Er ist stolz, dass er jeden Mittwoch diesen wichtigen Auftrag bekommt, mich zum Essen zu holen.
„Magst du »Hallo« sagen zu den Leuten hier?“ – ich sehe Gabriel an und deute auf den Bildschirm.
„Hallo“ – ein bisschen verunsichert ist er schon. Er SIEHT ja meine Gesprächspartner nur, hören kann er sie nicht, weil ich das Headset verwende. Schnell schalte ich auf Lautsprecher um.
„Hallo Gabriel!“ machen meine Kunden ihm und mir die Freude.
„Hallo!“ – jetzt nicht mehr verunsichert.
„Wir hören uns wieder um 13:00 – bis dann!“ und ich beende die Telefonkonferenz.

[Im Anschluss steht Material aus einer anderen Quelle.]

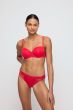 MJ JANE TRR Rioslip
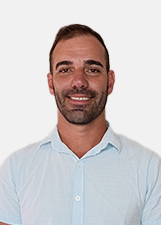 DINEI MENDES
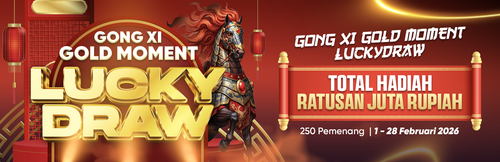 Gong XI Gold Moment LuckyDraw Preview.png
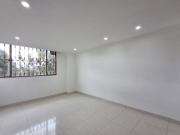 Apartamento en Arriendo Castilla, Bogotá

„Super, Gabriel. Danke, dass du mich abholst – ich hab eh schon Hunger – du auch?“
Kopfnicken.
„Na, dann nimm mich mit!“ – und schon reicht er mir die Hand. Und ab geht’s über die Stiege hinunter. Unten warten schon die beiden 1½-jährigen. Beide heben erwartungsvoll die Arme („Bitte Opa, heb mich zu dir herauf!“). Und rein geht’s ins Mittagessen-Getümmel. Mahlzeit!